You agree that these Terms of Sale, and any claim, dispute, action, cause of action, issue, or request for relief relating to these Terms of Sale and your purchase of Products or Services from us, will be governed by the laws of the State of California, without giving effect to any conflicts of laws principles that require the application of the laws of a different jurisdiction. To the fullest extent permitted by law, any dispute or claim relating to the Terms of Sale or an HBI Product or Services will be resolved by binding arbitration under the Commercial Arbitration Rules of the American Arbitration Association (“AAA”), rather than in court (except that you may assert claims in small claims court if your claims qualify). The Federal Arbitration Act and federal arbitration law apply to the enforcement of this agreement to arbitrate. To the fullest extent permitted by law we each agree that any dispute resolution proceedings will be conducted only on an individual basis and not in a class, consolidated or representative action. Notwithstanding the foregoing, YOU MAY OPT OUT OF THESE ARBITRATION PROCEDURES WITHIN 30 DAYS FROM THE DATE THAT YOU FIRST CONSENT TO THESE TERMS (the “Opt-Out Deadline”).

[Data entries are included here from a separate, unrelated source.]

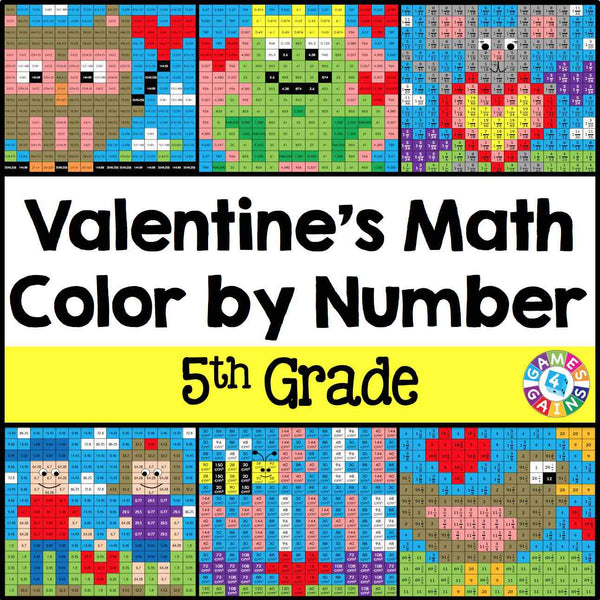 Valentine's Day Math Color-by-Number - 5th Grade – Games 4 Gains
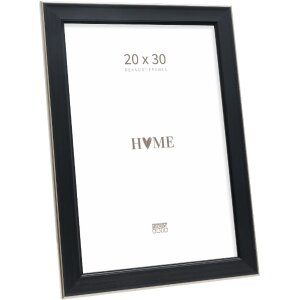 Marco de fotos Deknudt S244 negro con borde plateado 20x30 cm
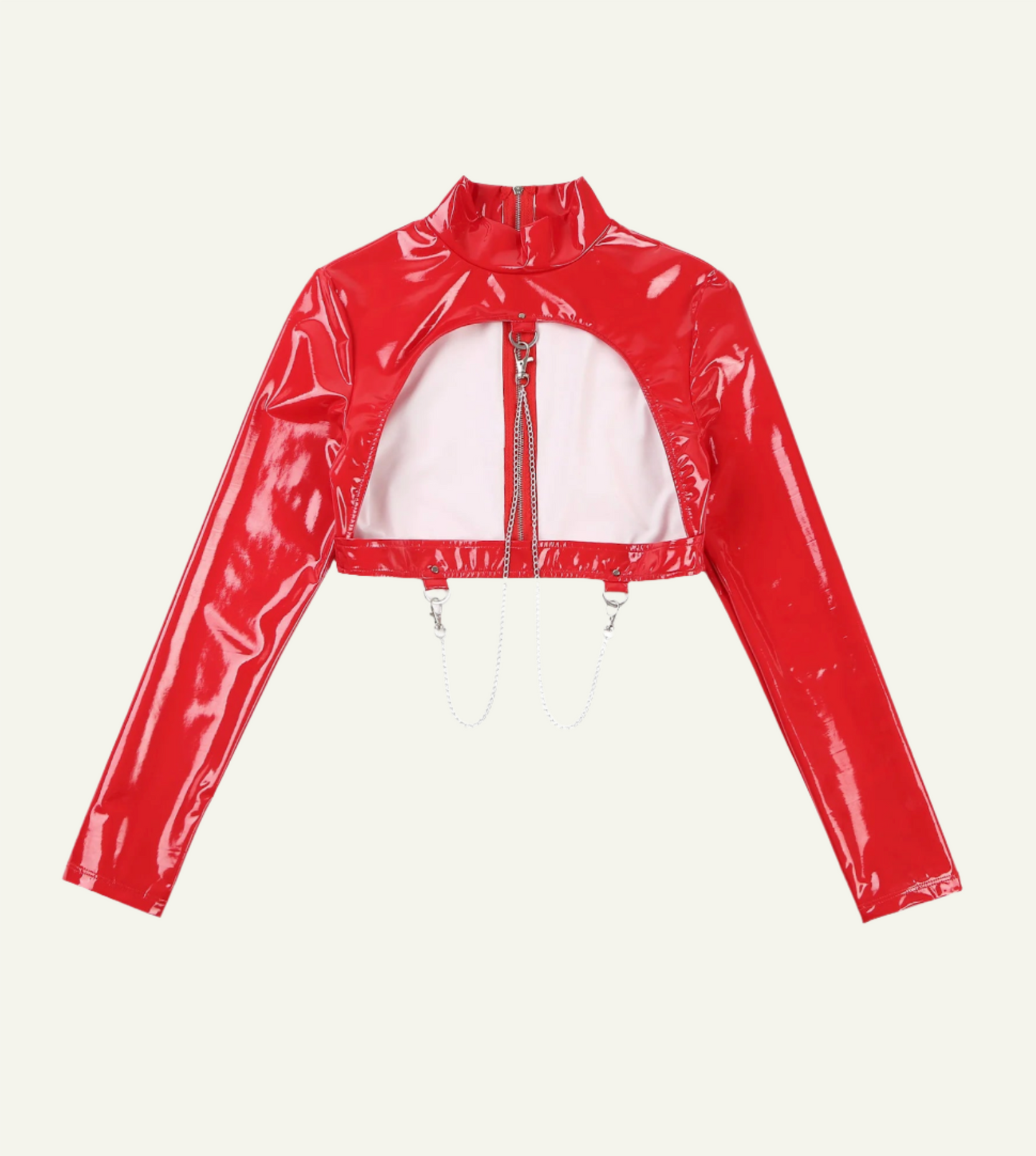 Cropped Cut-Out Latex Jacket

You may opt out by emailing written notification to HBI at customercare@happiestbaby.com that includes: (1) your name, (2) your address, and (3) a clear statement that you do not wish to resolve disputes with HBI through arbitration. Your decision to opt-out of this Section will have no adverse effect on your relationship with HBI. Any opt-out request received after the Opt-Out Deadline will not be valid and you must pursue your dispute in arbitration or in small claims court. In addition, this arbitration provision does not preclude you from bringing issues to the attention of federal, state, or local agencies. Such agencies can, if the law allows, seek relief against us on your behalf.

If for any reason a claim proceeds in court rather than in arbitration we each waive any right to a jury trial. We also both agree that you or we may bring suit in any court having jurisdiction to enjoin infringement or other misuse of intellectual property rights.

17) GENERAL TERMS

These Terms of Sale, including information linked from or incorporated herein, constitute the entire agreement between you and HBI with respect to your purchase of Products and Services from HBI and supersede all prior or contemporaneous communications, agreements and proposals with respect to those Products and Services. The parties agree that, to the fullest extent permitted by law, neither the United Nations Convention on Contracts for the International Sale of Goods nor any applicable law that would imply any terms into these Terms of Sale applies to these Terms of Sale. No provision of these Terms of Sale shall be waived except pursuant to a writing executed by the party against whom the waiver is sought. No failure to exercise, partial exercise of or delay in exercising any right or remedy under these Terms of Sale shall operate as a waiver or estoppel of any right, remedy or condition. If any provision of these Terms of Sale is held invalid, illegal or unenforceable, the validity, legality and enforceability of the remaining provisions will not be affected or impaired. You may not assign, transfer or sublicense any of your rights or obligations under these Terms of Sale without our express prior written consent. We will not be responsible for failure to fulfill any obligation due to causes beyond our control.